Social Security is set to run low by 2034
The Social Security Old-Age and Survivors Insurance Trust Fund has been drying up, partially due to the large drop in birth rates over the last few decades. Less people means less tax revenue to contribute to the fund.
High unemployment during an economic downturn could also “cause a significant worsening in the finances of the Social Security Trust Fund,” Mary Johnson told Moneywise in October. Johnson is the Social Security and Medicare policy analyst at advocacy group The Senior Citizens League (TSCL).
Once the fund’s reserves are exhausted, you’ll only receive about 77% of your expected benefits unless Congress steps in.
One option to make up for the shortfall would be to increase taxpayer revenue, says the Center on Budget and Policy Priorities.
Orman suggests the government could consider pushing back the minimum age at which you can receive your full Social Security benefits as well. This age is currently 66 or 67, depending on when you were born.
Inflation's impact on savings
Meanwhile, inflation is still rampant and putting a dent in people’s retirement funds.
In fact, Americans say they’ll need $1.25 million in savings to comfortably retire, which is 20% more than they thought they’d need last year. Their average retirement savings have dropped 11% from 2021 as well.
“[The government is] seeing savings account levels go down, seeing debt go up, seeing retirement accounts being withdrawn from — and seeing the potential of a problem down the road,” says Orman.
Orman worries the current economic conditions are setting the country up to become a “welfare state.”
“Is the government going to have to take care of most of the people?

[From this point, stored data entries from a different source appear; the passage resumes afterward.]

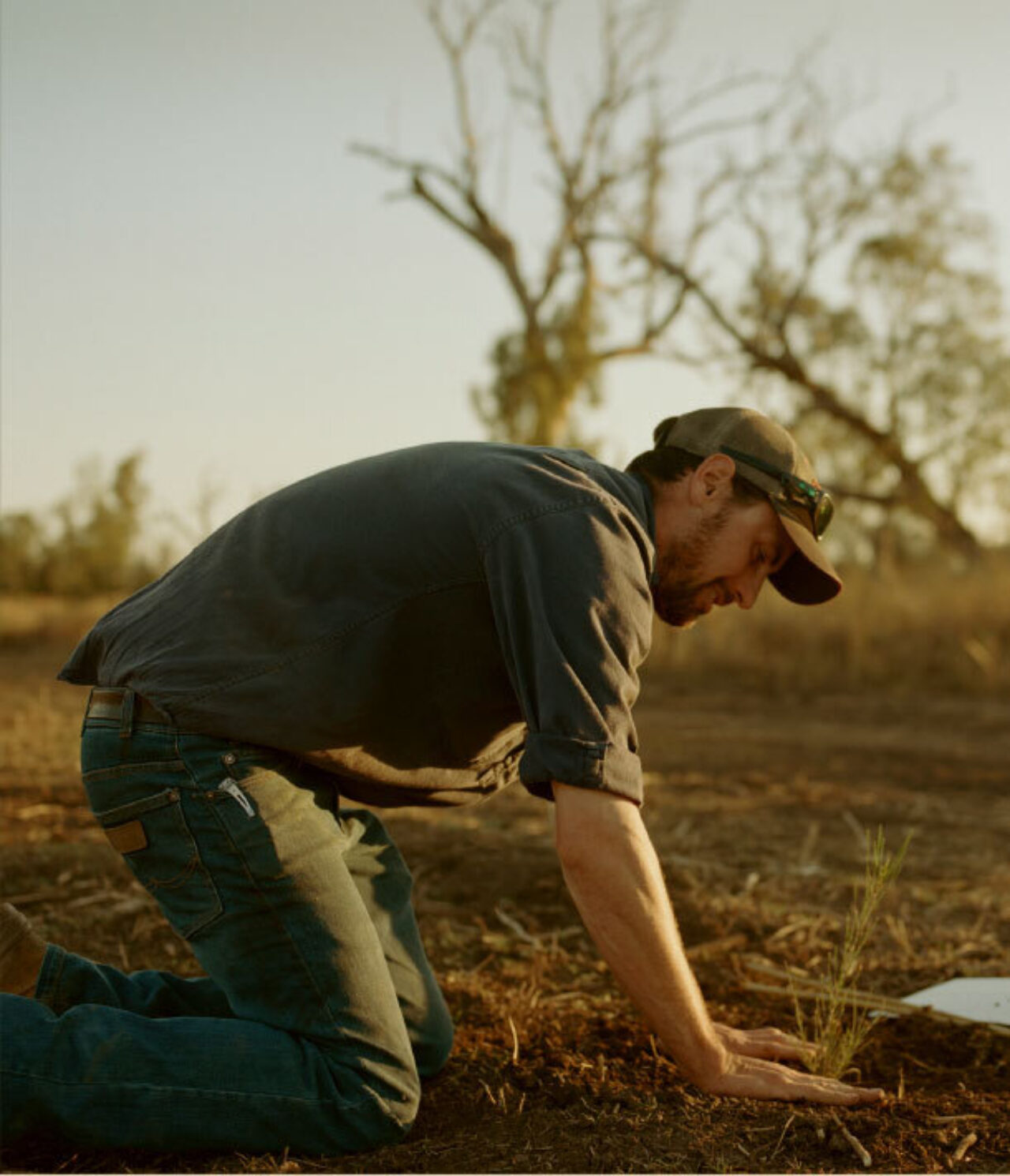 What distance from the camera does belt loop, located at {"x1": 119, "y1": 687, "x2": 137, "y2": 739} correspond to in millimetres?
2582

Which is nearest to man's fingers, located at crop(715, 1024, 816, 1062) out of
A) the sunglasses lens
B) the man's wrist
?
the man's wrist

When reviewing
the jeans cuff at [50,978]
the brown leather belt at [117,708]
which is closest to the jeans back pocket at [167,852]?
the brown leather belt at [117,708]

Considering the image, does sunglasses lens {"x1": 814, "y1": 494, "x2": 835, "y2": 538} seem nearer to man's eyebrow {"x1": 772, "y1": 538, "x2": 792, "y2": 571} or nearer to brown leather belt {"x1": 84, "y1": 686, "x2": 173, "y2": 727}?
man's eyebrow {"x1": 772, "y1": 538, "x2": 792, "y2": 571}

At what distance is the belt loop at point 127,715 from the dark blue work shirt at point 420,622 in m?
0.03

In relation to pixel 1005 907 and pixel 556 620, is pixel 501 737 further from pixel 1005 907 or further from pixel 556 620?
pixel 1005 907

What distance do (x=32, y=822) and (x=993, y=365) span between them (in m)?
24.4

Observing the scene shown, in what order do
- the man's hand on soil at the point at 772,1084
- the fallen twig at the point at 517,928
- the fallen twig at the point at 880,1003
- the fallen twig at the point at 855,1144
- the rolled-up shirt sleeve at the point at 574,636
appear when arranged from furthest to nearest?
the fallen twig at the point at 517,928 < the fallen twig at the point at 880,1003 < the man's hand on soil at the point at 772,1084 < the fallen twig at the point at 855,1144 < the rolled-up shirt sleeve at the point at 574,636

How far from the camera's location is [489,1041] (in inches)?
122

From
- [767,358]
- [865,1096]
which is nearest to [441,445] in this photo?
[865,1096]

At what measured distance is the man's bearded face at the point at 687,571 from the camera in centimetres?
273

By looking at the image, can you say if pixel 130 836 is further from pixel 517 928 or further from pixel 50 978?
pixel 517 928

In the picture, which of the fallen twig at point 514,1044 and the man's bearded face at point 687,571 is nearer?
the man's bearded face at point 687,571

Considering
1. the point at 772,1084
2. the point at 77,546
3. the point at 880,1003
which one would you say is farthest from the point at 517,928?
the point at 77,546

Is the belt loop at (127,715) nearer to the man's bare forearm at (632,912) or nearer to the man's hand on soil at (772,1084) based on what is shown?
the man's bare forearm at (632,912) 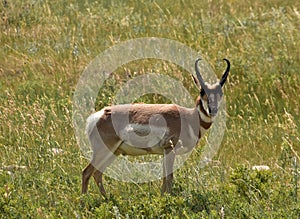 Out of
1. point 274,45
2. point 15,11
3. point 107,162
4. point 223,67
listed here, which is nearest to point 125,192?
point 107,162

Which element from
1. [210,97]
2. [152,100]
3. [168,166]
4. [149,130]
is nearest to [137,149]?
[149,130]

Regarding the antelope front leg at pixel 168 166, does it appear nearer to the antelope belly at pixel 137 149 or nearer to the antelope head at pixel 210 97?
the antelope belly at pixel 137 149

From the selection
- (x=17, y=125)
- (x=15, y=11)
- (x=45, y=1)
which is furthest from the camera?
(x=45, y=1)

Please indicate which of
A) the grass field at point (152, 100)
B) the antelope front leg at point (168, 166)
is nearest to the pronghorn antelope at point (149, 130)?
the antelope front leg at point (168, 166)

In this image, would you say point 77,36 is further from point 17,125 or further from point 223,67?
point 17,125

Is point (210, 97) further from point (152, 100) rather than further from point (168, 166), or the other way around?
point (152, 100)

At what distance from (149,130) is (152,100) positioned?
3679 millimetres

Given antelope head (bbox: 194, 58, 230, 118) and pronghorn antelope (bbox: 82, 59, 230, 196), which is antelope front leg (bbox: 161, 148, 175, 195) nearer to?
pronghorn antelope (bbox: 82, 59, 230, 196)

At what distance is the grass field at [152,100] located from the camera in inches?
271

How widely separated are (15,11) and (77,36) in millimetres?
1807

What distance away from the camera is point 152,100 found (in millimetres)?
11258

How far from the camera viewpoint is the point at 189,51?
489 inches

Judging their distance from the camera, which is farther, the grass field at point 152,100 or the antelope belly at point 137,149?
the antelope belly at point 137,149

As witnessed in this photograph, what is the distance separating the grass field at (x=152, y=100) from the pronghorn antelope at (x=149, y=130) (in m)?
0.26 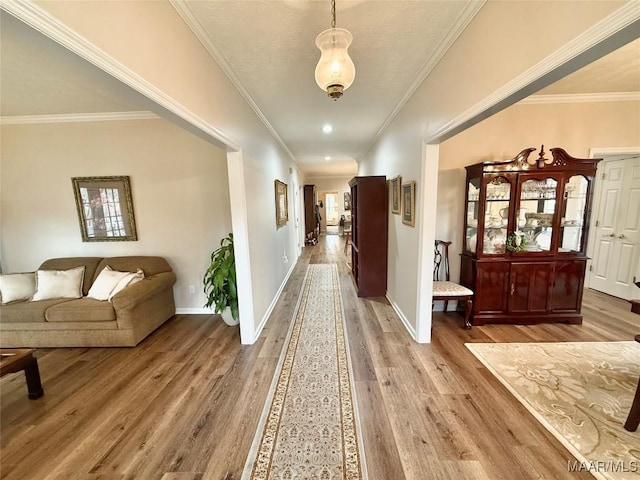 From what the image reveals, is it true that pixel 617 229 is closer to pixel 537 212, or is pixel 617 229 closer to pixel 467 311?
pixel 537 212

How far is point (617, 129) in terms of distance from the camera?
311 centimetres

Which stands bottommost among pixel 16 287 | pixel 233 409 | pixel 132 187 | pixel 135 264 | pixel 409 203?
pixel 233 409

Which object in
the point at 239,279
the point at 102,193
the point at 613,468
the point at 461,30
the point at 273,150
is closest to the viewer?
the point at 613,468

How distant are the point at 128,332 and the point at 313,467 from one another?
2.34 meters

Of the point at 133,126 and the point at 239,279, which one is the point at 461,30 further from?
the point at 133,126

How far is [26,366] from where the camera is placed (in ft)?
6.22

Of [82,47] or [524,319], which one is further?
[524,319]

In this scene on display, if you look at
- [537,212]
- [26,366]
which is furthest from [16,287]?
[537,212]

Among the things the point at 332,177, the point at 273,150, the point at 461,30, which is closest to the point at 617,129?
the point at 461,30

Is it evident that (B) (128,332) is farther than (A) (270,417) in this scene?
Yes

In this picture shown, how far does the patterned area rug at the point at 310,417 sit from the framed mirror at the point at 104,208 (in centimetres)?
265

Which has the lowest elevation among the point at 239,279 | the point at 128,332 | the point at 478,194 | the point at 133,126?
the point at 128,332

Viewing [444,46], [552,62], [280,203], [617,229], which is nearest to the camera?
[552,62]

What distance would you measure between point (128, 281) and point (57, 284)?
78cm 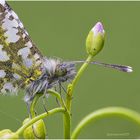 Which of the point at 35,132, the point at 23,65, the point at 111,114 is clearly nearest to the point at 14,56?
the point at 23,65

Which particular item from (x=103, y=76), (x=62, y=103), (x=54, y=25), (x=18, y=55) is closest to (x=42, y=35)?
(x=54, y=25)

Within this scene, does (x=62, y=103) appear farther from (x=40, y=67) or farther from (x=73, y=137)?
(x=40, y=67)

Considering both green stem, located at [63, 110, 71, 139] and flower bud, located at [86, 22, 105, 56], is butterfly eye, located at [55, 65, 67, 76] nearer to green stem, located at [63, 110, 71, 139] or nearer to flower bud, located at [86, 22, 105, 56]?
flower bud, located at [86, 22, 105, 56]

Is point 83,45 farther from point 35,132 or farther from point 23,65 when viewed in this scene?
point 35,132

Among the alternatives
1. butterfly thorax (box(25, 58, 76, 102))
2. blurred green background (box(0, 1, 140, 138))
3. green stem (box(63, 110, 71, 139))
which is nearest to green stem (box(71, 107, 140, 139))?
green stem (box(63, 110, 71, 139))

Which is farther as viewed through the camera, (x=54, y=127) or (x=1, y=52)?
(x=54, y=127)

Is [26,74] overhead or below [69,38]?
below

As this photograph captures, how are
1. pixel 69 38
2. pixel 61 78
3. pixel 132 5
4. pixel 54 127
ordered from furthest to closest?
pixel 132 5 → pixel 69 38 → pixel 54 127 → pixel 61 78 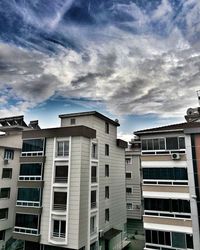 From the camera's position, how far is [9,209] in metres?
23.0

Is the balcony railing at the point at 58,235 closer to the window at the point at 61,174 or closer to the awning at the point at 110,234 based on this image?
the window at the point at 61,174

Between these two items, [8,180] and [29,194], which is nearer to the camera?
[29,194]

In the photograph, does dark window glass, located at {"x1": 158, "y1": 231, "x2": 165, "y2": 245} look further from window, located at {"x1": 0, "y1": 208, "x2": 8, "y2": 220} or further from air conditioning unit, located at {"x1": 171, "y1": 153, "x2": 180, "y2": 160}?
window, located at {"x1": 0, "y1": 208, "x2": 8, "y2": 220}

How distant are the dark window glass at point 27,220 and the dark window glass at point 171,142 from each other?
1334cm

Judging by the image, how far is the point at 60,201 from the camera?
18.4 metres

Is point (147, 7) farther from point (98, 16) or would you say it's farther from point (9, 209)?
point (9, 209)

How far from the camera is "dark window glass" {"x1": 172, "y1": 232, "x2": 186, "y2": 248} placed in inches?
588

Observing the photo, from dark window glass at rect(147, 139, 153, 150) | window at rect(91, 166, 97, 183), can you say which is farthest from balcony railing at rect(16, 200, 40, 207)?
dark window glass at rect(147, 139, 153, 150)

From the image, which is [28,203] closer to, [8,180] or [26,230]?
[26,230]

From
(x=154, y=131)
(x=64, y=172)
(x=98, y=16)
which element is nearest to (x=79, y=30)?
(x=98, y=16)

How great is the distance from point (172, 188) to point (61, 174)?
377 inches

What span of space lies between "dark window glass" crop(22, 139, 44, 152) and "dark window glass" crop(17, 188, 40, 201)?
3814 mm

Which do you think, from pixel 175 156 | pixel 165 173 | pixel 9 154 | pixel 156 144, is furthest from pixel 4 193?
pixel 175 156

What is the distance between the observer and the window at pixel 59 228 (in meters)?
17.7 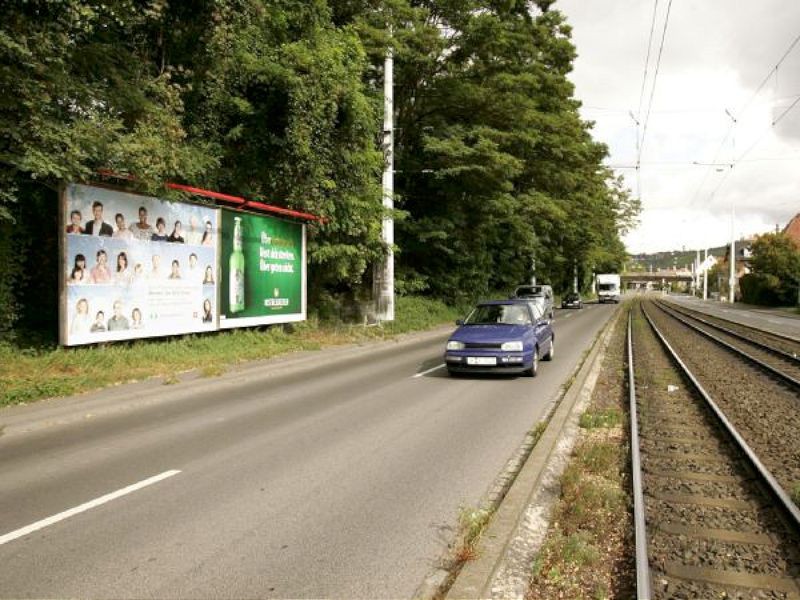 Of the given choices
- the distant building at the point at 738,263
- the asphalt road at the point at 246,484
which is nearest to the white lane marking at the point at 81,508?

Because they won't have any money. So how do they solve that problem right now, before it goes in that direction?”
Credit card debt is surging at its fastest year-over-year rate in over 20 years, and it’s becoming even more expensive to borrow with recent rate hikes.
Despite this year’s COLA being the biggest in four decades, it still may not be enough to counter rapidly rising prices. Seniors received a 5.9% COLA in January, but Johnson estimates the benefit fell short by 50% on average.
“I would say while this is currently a chronic problem every year, yes, indications are that the COLA will not reflect pockets of persistently high inflation affecting retired and disabled Social Security recipients. That puts tens of millions of retirees at risk of continuing to fall behind,” Johnson wrote in a September press release.
She added in an October brief that if the economy turns to deflation next year, there’s also a possibility there will be no COLA payable in 2024.
Preparing for retirement
Inflation has cooled to 6.5%, but it is still keeping the cost of goods and services uncomfortably high for many Americans — but Orman warns not to tap into your retirement accounts to deal with the expenses.
“That is for when you retire. We're living longer right now. So that retirement account has to be bigger.”
She says it is essential that you have an emergency savings account as a buffer for unexpected expenses instead. Most experts generally advise that you set aside three to six months’ worth of living expenses.
Even after you retire, it’s crucial to have substantial savings in place. Experts told CNBC that a retiree should have one to three years worth of expenses tucked away, depending on their monthly expenses and income.
Johnson noted back in September that over half of older households have no savings in place and rely mainly on their Social Security benefits.
She says it’s also important to budget for your medical care — although Medicare premiums will drop just over $5 a month to $164.90 in 2023.
Look into your medical coverage and out-of-pocket maximums and determine exactly how much you need in savings for a worst-case scenario.
Orman echoed this sentiment in a March episode of her podcast. "For those of you who are retired ...you need to start cutting expenses right here and right now."